### [Provided entries]
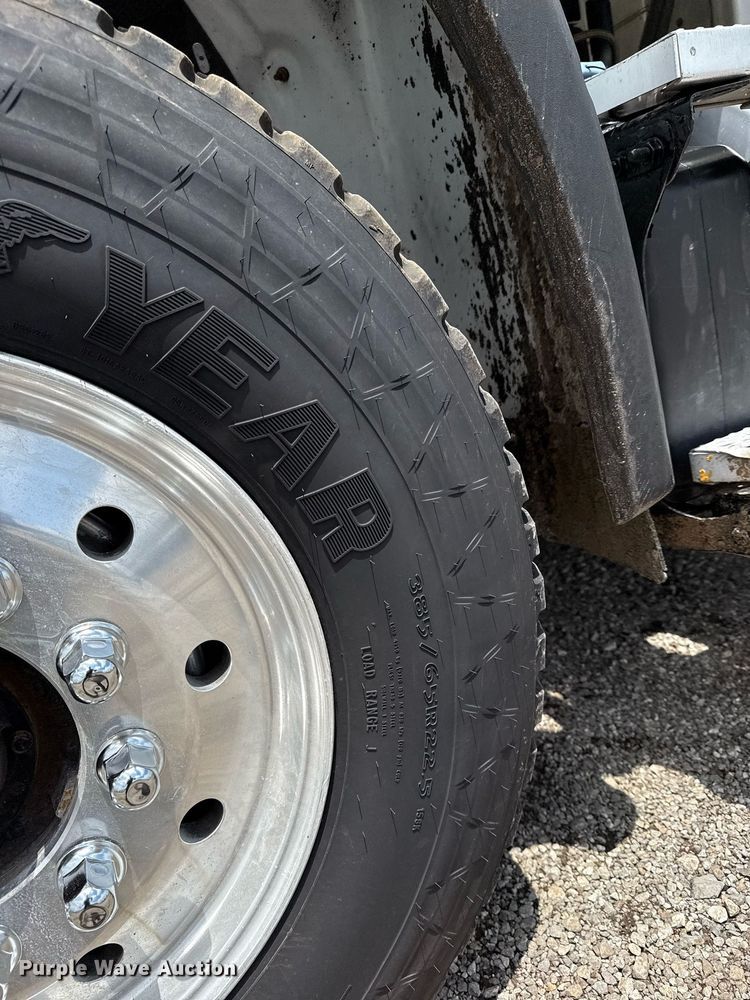 image for item EG5890 2012 Freightliner Business Class M2  grapple crane truck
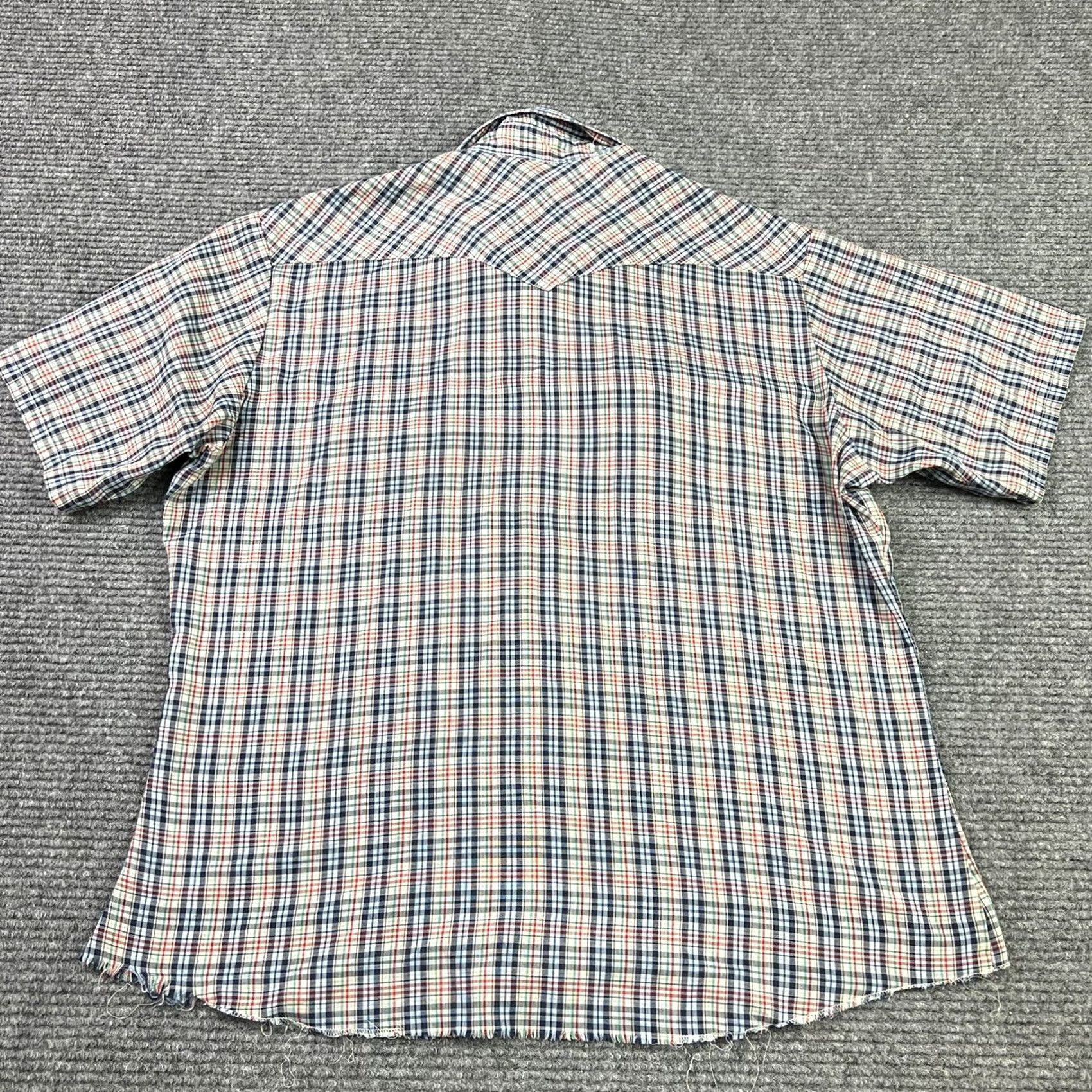 Wrangler VINTAGE Wrangler Button-Up Plaid Short Sleeve Pearl Snap XL Mens Shirt Size US 36 / EU 52 - 3 Thumbnail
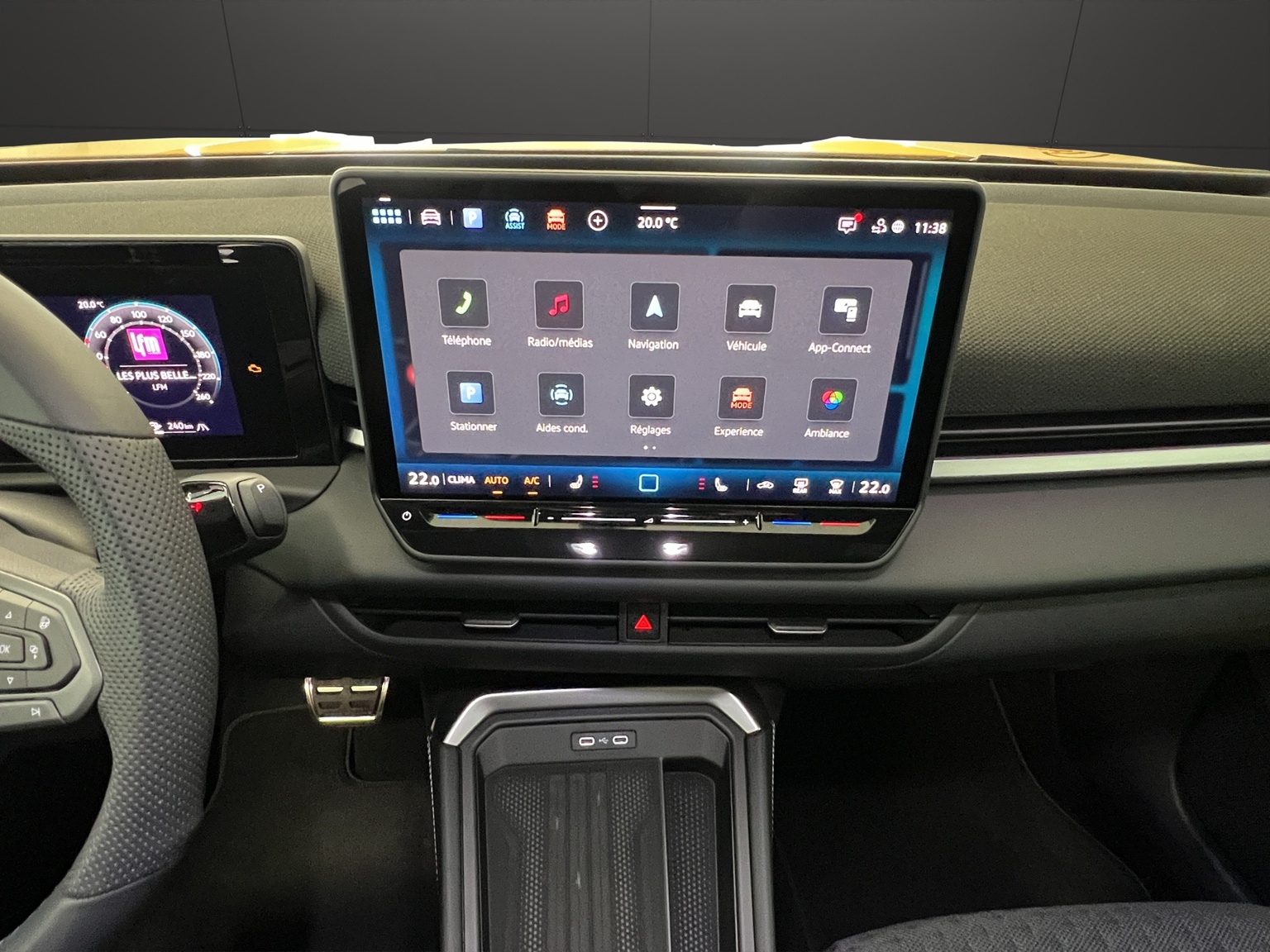 VW T-Roc 1.5 eTSI mHEV R-Line DSG-image-10
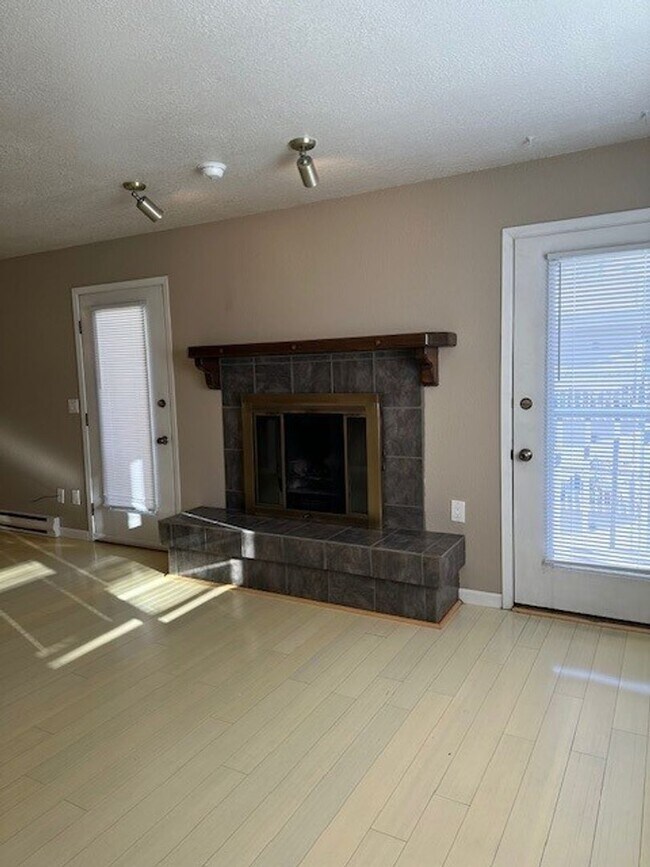 Building Photo - MOVE IN SPECIAL! | PAY HALF MONTHS RENT FOR THE HOLIDAYS! |LAUNDRY IN UNIT!!!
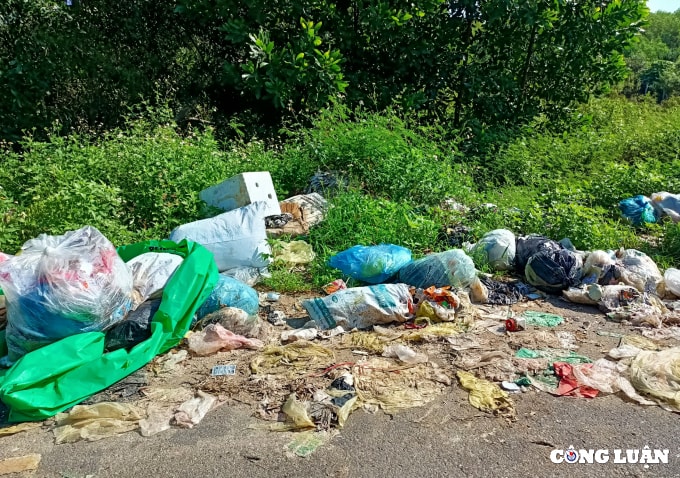 ha tinh rac thai tran lan o long le duong thi tran huong khe hinh 5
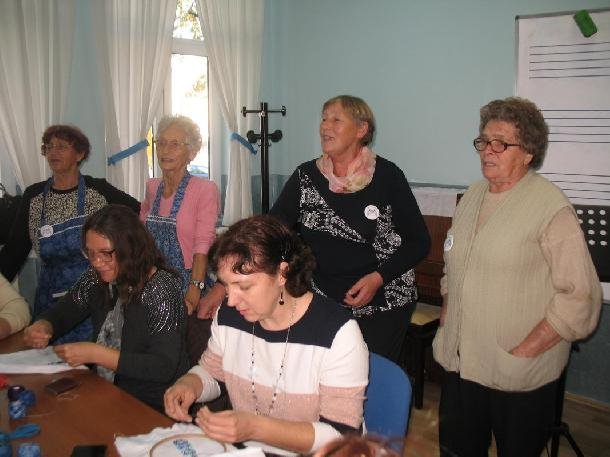 Vysivanie v St Pazove 09.jpg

### [Assignment]
Transcribe all of the records above exactly; no image should appear in what you write.

### [Task result]
 image for item EG5890 2012 Freightliner Business Class M2  grapple crane truck
 Wrangler VINTAGE Wrangler Button-Up Plaid Short Sleeve Pearl Snap XL Mens Shirt Size US 36 / EU 52 - 3 Thumbnail
 VW T-Roc 1.5 eTSI mHEV R-Line DSG-image-10
 Building Photo - MOVE IN SPECIAL! | PAY HALF MONTHS RENT FOR THE HOLIDAYS! |LAUNDRY IN UNIT!!!
 ha tinh rac thai tran lan o long le duong thi tran huong khe hinh 5
 Vysivanie v St Pazove 09.jpg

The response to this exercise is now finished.